Feeley v. NHAOCG, LLC, C.A. No. 7304-VCL (Del. Ch. March 20, 2012).
When a managing member of an LLC is “jurisdictionally present” in Delaware, is that party also subject to the jurisdiction of the Delaware Court of Chancery on other related claims as well.
This Delaware Court of Chancery opinion involves the challenge to the purported removal of a managing member of an LLC. A motion to dismiss for lack of personal jurisdiction was filed pursuant to Court of Chancery Rule 12(b)(2). Although this relatively short 15-page decision describes the multiple parties involved in the affiliated entities, for purposes of highlighting the key legal points addressed in this opinion, it suffices to describe the core facts as involving warring factions whose imbroglio reached a crescendo when one member of an LLC purported to remove the managing member in a manner that was allegedly at odds with the procedures required in the applicable operating agreement. That member, “NHA,” after purporting to remove the original managing member, represented to many third parties that it was acting as the new managing member of the LLC.

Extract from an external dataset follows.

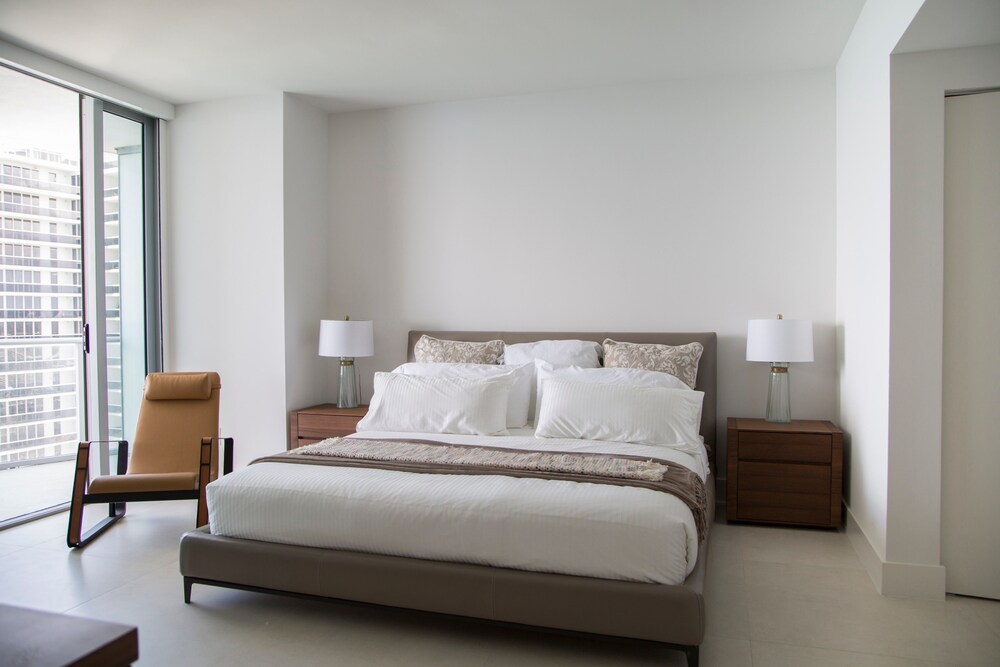 Contemporary Beach Resort Condos - photo 7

This suit was filed to seek a temporary restraining order against the removal of the original managing member. In addition to the claim seeking to determine the validity of the purported removal of the managing member, the Court explained that: “not content with this straight-forward count, the plaintiffs added ten more.” Two days after this complaint was filed, the Court imposed a status quo order pending resolution of the control dispute. The next day, the defendants moved to dismiss the complaint for lack of personal jurisdiction.
The Court emphasized that the valid exercise of personal jurisdiction turns on the implied consent provisions of the Delaware LLC Act in part because the operating agreement did not have a forum selection clause.
Section 18-110 of the LLC Act grants the Court of Chancery in rem jurisdiction to determine who validly holds office as a manager of a Delaware limited liability company. This is comparable to the corporate analog at Section 225 of the Delaware General Corporation Law. In such a proceeding, the defendants appear before the Court “not individually, but rather, as respondents being invited to litigate their claims to the res (here, the disputed corporate office) or forever be barred from doing so.”
The key point emphasized by the Court is that because a Section 18-110 proceeding affects the Delaware LLC and the office of the managing member, it is not necessary for all claimants to the office to be subject to the Court’s in personam jurisdiction in order for the Court to make an authoritative determination.
The Court also explained that even though it is necessary under both the statute and the constitution to take reasonable steps to notify claimants to the office of the judicial proceedings and that they have an opportunity to be heard, a plaintiff “need not name every known claimant to the office as a party defendant in order to ensure that the party receives actual notice of the claim and that the adjudication is binding. Nevertheless, it is prudent to do so.”
The Court underscored the point that even if a claimant is not personally subject to the jurisdiction of the Court, they must realize that “their failure to participate in this adjudication will not foreclose the authoritative adjudication in this proceeding of that claim of title.” See Haft v. Dart Group Corp., 1996 WL 255899, at *2 (Del. Ch. Apr. 26, 1996) (interpreting 8 Del. C. Section 225).
The Court also discussed Section 18-109 of the LLC Act which is an implied consent statute that empowers the Court to exercise personal jurisdiction over persons who serve as managers of an LLC for purposes of adjudicating claims for breaches of duty in that capacity-involving and relating to the business of the LLC. In addition, the Court reasoned that Section 18-109(a) is satisfied even if one merely purports to act as the managing member of an LLC, as was true in this case. Service of a complaint under Section 18-109 will be consistent with due process when the action relates to a violation by the manager of a fiduciary duty owed to the limited liability company. This jurisdictional scope extends, consistent with due process, to include alleged violations by a manager of the express and implied contractual duties owed by the manager under the limited liability company agreement.
Personal Jurisdiction over other Defendants in Addition to Managing Member
The Court discussed the seminal decision of In Re USACafes, L.P. Litig., 600 A.2d 43, 53 (Del. Ch. 1991). In that case, the Court allowed personal jurisdiction over individuals who control an entity that acts as a fiduciary, for example such as the control that a board of directors exercises over a corporate general partner of a limited partnership. As an alternative to the jurisdiction based on an analysis used in the USACafes case, the Court referred on page 14 to the caselaw that allows the imposition of jurisdiction over those who have “personally participated in the choice to invoke the laws of the state that govern the internal affairs of the disputed entities and the contractual duties running among the members.”
The Court reasoned that once a defendant is subject to personal jurisdiction under Section 18-109 as to certain claims, the Court may exercise personal jurisdiction over the defendant with respect to other sufficiently related claims. The Court referred to other cases by analogy that implied similar reasoning to corporate directors who are nonresidents based on the statutory analysis in Section 3114.